Former Japanese PM Abe Lied About Fukushima Safety to Win Olympic Bid
Posted September 8, 2016 by David Schumann | A Nuclear World
The 2020 summer Olympics will be held in Tokyo, Japan, a little more than 100 miles from the stricken and dangerous nuclear reactors in Fukushima. During their Olympic bid to be the host country, the current Prime Minister Shinzo Abe, told the committee that the nuclear reactors were safe and contained.
Abe gave the assurances about safety at the Fukushima plant in his September 2013 speech to the International Olympic Committee to allay concerns about awarding the Games to Tokyo. The comment met with considerable criticism at the time.

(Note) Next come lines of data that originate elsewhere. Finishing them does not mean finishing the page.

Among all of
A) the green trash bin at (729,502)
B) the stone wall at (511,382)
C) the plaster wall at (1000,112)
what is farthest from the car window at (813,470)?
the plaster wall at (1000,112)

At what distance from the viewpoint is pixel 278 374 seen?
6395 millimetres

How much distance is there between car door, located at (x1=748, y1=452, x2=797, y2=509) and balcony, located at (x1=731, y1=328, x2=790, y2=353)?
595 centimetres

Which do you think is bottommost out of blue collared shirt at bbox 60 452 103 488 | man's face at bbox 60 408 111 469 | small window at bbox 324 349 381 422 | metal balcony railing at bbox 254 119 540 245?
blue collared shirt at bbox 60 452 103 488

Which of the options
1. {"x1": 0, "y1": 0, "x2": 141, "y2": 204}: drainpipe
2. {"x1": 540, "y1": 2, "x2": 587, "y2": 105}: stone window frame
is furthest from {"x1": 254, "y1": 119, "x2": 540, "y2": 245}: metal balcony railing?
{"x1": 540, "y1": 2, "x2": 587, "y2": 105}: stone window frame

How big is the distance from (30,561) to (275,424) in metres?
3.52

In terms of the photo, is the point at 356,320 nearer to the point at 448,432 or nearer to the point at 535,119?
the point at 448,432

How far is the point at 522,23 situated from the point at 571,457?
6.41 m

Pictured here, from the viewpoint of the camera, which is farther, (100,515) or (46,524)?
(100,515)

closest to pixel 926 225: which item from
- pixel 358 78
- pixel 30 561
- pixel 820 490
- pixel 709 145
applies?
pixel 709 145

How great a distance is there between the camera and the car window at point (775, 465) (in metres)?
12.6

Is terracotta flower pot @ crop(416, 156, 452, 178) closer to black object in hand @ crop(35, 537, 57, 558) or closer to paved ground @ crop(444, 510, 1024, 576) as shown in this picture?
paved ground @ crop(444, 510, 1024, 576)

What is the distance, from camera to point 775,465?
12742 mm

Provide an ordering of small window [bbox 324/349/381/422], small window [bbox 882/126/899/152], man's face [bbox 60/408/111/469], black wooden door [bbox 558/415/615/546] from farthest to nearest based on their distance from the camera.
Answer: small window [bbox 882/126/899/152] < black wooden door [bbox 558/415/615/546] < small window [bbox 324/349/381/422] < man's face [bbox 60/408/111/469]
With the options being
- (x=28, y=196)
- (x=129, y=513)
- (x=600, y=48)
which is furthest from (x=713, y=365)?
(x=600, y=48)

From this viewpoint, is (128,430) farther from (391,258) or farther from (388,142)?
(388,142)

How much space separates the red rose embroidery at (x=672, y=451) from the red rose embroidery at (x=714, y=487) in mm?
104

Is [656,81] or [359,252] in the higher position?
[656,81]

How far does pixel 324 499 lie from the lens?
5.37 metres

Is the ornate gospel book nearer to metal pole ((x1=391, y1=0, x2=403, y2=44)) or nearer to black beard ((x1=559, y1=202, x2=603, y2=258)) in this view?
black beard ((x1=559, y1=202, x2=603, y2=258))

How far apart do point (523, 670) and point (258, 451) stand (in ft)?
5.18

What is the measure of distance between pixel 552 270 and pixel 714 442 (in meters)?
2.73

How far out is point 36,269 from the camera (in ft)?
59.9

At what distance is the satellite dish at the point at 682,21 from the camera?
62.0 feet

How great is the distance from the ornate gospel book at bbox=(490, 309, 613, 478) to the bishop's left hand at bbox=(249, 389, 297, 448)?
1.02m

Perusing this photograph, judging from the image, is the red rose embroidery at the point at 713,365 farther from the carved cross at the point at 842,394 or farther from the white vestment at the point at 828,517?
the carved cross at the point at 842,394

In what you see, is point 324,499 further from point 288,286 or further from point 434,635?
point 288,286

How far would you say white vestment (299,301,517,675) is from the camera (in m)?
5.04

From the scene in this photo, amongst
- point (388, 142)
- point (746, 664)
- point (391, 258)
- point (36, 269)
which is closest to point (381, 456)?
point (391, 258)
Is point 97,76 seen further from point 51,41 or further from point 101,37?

The former Prime Minister of Japan, Junichirō Koizumi, said this week that was a ‘lie’ and the plant is not safe. Koizumi has become an outspoken opponent to nuclear energy in Japan after the Fukushima accident. He recently was in the news for supporting the claims of American sailors who were sickened by the radiation plume from the day of the accident, but told by TEPCO and Japan that the accident was less severe than it was at the time, causing them to remain in harms way.
Koizumi, one of Japan’s most popular premiers during his 2001-2006 term, became an outspoken critic of nuclear energy after a March 2011 earthquake and tsunami triggered meltdowns at Tokyo Electric Power Co’s (Tepco) Fukushima Daiichi plant, the worst nuclear disaster since Chernobyl in 1986.

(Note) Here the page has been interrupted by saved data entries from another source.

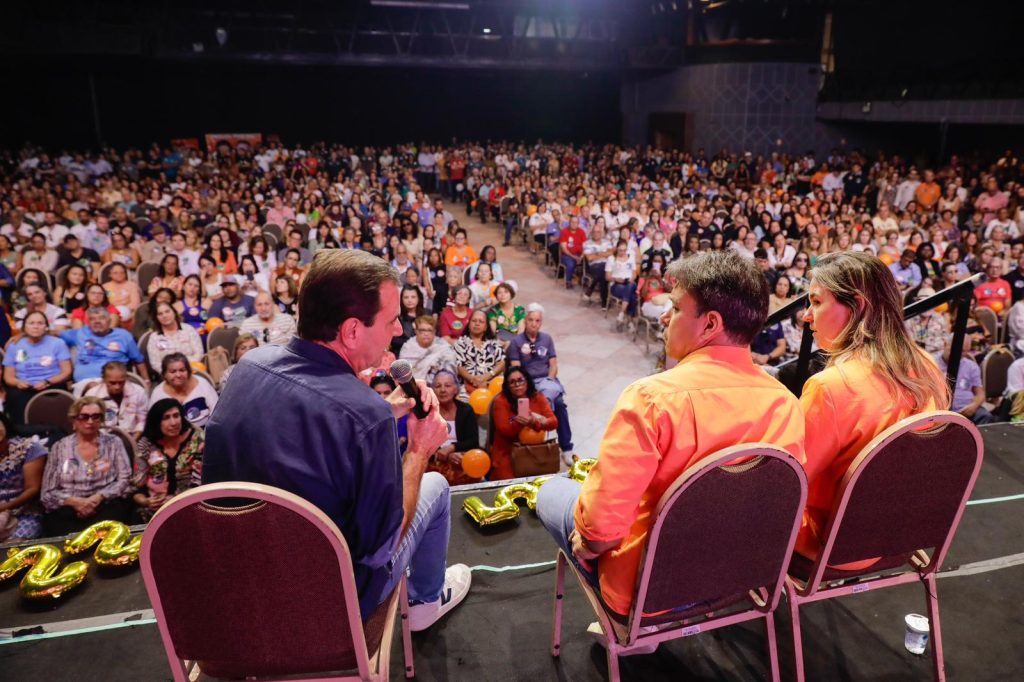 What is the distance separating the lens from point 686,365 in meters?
1.38

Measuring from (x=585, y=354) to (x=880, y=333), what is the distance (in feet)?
15.3

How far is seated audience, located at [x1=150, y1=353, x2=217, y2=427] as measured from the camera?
3562 millimetres

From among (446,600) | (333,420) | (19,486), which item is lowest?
(19,486)

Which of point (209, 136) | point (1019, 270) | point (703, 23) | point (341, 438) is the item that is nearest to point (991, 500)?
point (341, 438)

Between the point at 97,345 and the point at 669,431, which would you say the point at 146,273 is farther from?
the point at 669,431

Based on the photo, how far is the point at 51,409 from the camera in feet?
11.9

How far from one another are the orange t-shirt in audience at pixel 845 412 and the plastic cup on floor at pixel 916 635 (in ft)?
1.84

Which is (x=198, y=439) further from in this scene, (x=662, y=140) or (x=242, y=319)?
(x=662, y=140)

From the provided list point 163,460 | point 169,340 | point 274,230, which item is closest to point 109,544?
point 163,460

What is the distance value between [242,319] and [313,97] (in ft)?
50.0

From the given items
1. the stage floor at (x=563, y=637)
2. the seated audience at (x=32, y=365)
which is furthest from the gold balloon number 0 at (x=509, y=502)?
the seated audience at (x=32, y=365)

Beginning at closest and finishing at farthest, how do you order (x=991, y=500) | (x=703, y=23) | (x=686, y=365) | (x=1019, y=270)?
(x=686, y=365)
(x=991, y=500)
(x=1019, y=270)
(x=703, y=23)

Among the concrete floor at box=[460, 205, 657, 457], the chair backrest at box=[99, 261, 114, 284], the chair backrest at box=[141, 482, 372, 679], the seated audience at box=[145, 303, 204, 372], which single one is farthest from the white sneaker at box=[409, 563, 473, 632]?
the chair backrest at box=[99, 261, 114, 284]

Koizumi said that it was a lie and there facility is not under control.
Mr. Abe’s ‘under control’ remark, that was a lie, Koizumi, now 74 and his unruly mane of hair turned white, told a news conference where he repeated his opposition to nuclear power.

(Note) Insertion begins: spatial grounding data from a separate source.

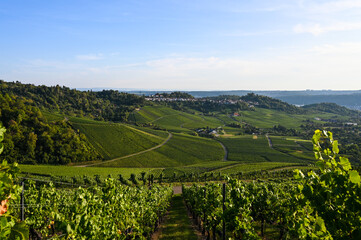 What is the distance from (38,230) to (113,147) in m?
89.3

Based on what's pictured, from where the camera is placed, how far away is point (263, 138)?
13938cm

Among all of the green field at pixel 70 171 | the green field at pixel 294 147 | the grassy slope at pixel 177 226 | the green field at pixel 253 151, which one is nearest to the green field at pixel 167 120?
the green field at pixel 253 151

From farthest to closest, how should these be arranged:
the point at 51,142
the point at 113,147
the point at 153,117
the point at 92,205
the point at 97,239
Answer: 1. the point at 153,117
2. the point at 113,147
3. the point at 51,142
4. the point at 92,205
5. the point at 97,239

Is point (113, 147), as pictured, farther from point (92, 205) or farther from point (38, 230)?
point (92, 205)

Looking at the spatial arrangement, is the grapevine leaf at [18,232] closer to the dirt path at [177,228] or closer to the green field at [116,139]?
the dirt path at [177,228]

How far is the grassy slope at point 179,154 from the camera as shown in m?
94.8

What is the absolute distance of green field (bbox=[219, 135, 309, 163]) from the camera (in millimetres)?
105369

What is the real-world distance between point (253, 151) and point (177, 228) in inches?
3891

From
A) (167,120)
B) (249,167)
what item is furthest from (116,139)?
(167,120)

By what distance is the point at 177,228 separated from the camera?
83.4ft

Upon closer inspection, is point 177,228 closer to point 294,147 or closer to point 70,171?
point 70,171

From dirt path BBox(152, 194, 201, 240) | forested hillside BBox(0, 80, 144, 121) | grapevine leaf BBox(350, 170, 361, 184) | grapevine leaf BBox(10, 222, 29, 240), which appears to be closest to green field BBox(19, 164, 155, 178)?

‘It is not under control’, Koizumi added, citing as an example Tepco’s widely questioned efforts to build the world’s biggest ‘ice wall’ to keep groundwater from flowing into the basements of the damaged reactors and getting contaminated.’
‘They keep saying they can do it, but they can’t,’ Koizumi said. Experts say handling the nearly million tonnes of radioactive water stored in tanks on the Fukushima site is one of the biggest challenges.
As the book, Heal and Protect: A Nuclear World, makes clear: the crippled nuclear reactors at Fukushima are far from being out of harms way and much greater devastation could occur there if another serious earthquake or tsunami strikes the reactor. Spent fuel rods still sit precariously above a damaged building that continues to leak radiation. Until they can remove the spent-fuel rods, which is decades away, the site will still be a serious hazard, not just to Japan, but the entire world.